▶ DATASET CONTENT
:::

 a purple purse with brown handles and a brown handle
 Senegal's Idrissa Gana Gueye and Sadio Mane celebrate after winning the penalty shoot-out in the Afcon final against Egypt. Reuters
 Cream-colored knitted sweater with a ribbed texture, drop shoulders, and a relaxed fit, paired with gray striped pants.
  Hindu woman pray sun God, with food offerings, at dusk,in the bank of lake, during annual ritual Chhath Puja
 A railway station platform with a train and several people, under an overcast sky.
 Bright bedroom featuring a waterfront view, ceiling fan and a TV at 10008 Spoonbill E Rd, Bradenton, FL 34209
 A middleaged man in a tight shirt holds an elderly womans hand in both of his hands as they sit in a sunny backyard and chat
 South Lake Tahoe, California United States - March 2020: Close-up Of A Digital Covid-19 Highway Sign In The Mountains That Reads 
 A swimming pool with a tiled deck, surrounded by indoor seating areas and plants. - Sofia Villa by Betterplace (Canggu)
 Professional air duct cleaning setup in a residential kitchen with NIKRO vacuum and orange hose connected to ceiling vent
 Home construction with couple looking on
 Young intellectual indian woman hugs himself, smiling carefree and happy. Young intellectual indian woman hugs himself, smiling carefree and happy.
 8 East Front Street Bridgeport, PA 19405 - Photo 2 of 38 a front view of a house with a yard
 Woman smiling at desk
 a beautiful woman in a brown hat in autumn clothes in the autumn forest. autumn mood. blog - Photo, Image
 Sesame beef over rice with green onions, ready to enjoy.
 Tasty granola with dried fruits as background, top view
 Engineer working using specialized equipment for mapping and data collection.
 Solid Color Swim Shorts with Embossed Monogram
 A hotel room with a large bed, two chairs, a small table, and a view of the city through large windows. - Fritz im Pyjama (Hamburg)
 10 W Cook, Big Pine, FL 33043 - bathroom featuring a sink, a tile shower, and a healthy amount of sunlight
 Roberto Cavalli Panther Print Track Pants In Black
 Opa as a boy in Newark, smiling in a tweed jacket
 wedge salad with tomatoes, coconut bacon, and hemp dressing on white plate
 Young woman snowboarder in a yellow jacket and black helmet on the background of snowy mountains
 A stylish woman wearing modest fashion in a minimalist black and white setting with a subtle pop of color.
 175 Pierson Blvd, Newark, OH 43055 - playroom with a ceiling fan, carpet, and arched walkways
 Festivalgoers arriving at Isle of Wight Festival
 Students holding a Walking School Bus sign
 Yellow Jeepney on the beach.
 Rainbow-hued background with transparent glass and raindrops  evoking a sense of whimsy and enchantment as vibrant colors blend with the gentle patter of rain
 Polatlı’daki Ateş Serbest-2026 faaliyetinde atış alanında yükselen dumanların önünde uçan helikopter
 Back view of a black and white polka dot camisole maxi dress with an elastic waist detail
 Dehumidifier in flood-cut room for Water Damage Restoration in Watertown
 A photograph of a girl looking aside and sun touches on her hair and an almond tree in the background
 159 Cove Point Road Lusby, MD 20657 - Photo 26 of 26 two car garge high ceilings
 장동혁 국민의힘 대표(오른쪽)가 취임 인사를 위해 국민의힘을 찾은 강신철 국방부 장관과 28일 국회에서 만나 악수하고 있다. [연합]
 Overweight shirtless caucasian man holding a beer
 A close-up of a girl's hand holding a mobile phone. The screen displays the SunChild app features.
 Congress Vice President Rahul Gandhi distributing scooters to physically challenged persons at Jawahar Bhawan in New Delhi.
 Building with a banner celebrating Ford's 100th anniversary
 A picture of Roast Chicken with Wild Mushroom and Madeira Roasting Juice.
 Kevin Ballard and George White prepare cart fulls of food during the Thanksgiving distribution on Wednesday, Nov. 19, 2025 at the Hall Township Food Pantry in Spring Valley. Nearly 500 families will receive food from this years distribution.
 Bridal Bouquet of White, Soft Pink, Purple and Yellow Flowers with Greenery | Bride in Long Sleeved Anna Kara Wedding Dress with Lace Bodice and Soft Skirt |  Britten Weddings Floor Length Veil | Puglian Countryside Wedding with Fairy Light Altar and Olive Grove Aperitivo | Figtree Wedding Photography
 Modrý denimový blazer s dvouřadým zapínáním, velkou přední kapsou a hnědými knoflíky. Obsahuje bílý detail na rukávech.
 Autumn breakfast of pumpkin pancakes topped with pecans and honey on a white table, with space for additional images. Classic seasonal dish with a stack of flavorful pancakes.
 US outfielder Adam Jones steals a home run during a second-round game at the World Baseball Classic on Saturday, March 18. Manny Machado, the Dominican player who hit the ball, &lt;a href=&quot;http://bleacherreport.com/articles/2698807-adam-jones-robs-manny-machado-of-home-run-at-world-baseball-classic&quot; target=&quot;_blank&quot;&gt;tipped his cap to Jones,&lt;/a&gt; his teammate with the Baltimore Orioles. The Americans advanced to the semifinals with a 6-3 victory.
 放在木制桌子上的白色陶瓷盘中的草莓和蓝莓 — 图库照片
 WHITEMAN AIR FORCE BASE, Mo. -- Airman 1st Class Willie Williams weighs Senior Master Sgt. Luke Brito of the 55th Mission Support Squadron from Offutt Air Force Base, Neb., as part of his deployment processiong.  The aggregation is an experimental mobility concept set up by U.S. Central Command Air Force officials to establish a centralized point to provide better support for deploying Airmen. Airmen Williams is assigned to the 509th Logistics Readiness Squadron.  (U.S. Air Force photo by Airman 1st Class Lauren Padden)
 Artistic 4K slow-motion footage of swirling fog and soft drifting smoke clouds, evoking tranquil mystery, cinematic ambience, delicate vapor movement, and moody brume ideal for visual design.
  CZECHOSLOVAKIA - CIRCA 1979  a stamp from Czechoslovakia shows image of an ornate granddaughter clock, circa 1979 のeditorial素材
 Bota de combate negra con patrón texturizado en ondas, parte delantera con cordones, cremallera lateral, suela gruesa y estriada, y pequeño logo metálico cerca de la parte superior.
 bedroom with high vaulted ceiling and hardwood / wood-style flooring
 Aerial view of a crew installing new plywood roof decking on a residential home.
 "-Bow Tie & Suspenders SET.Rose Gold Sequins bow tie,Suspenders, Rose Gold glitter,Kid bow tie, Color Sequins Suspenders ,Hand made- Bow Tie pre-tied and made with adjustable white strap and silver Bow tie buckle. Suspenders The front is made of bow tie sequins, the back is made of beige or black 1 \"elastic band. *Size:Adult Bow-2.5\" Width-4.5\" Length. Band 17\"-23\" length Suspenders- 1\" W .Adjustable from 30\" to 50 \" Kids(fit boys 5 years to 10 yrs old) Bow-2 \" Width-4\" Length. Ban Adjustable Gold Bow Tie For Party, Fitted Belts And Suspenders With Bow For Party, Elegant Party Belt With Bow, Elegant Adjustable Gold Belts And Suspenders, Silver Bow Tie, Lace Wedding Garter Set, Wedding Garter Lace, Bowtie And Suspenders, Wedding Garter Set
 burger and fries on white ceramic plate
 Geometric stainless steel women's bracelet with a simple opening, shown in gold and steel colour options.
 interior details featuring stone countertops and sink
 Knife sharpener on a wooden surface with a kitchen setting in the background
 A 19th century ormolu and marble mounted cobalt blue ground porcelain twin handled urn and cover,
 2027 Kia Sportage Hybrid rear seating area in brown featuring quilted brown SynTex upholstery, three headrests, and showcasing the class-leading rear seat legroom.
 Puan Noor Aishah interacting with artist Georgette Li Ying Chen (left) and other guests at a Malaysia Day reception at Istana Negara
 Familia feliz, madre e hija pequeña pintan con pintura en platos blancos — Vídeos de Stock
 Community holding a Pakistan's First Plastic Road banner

:::

▶ WHAT YOU WILL DO
Reproduce word for word the material above, starting with the line that has "Dehumidifier in flood-cut" and stopping after the line that has "Modrý denimový blazer".

▶ FINISHED TASK
 Dehumidifier in flood-cut room for Water Damage Restoration in Watertown
 A photograph of a girl looking aside and sun touches on her hair and an almond tree in the background
 159 Cove Point Road Lusby, MD 20657 - Photo 26 of 26 two car garge high ceilings
 장동혁 국민의힘 대표(오른쪽)가 취임 인사를 위해 국민의힘을 찾은 강신철 국방부 장관과 28일 국회에서 만나 악수하고 있다. [연합]
 Overweight shirtless caucasian man holding a beer
 A close-up of a girl's hand holding a mobile phone. The screen displays the SunChild app features.
 Congress Vice President Rahul Gandhi distributing scooters to physically challenged persons at Jawahar Bhawan in New Delhi.
 Building with a banner celebrating Ford's 100th anniversary
 A picture of Roast Chicken with Wild Mushroom and Madeira Roasting Juice.
 Kevin Ballard and George White prepare cart fulls of food during the Thanksgiving distribution on Wednesday, Nov. 19, 2025 at the Hall Township Food Pantry in Spring Valley. Nearly 500 families will receive food from this years distribution.
 Bridal Bouquet of White, Soft Pink, Purple and Yellow Flowers with Greenery | Bride in Long Sleeved Anna Kara Wedding Dress with Lace Bodice and Soft Skirt |  Britten Weddings Floor Length Veil | Puglian Countryside Wedding with Fairy Light Altar and Olive Grove Aperitivo | Figtree Wedding Photography
 Modrý denimový blazer s dvouřadým zapínáním, velkou přední kapsou a hnědými knoflíky. Obsahuje bílý detail na rukávech.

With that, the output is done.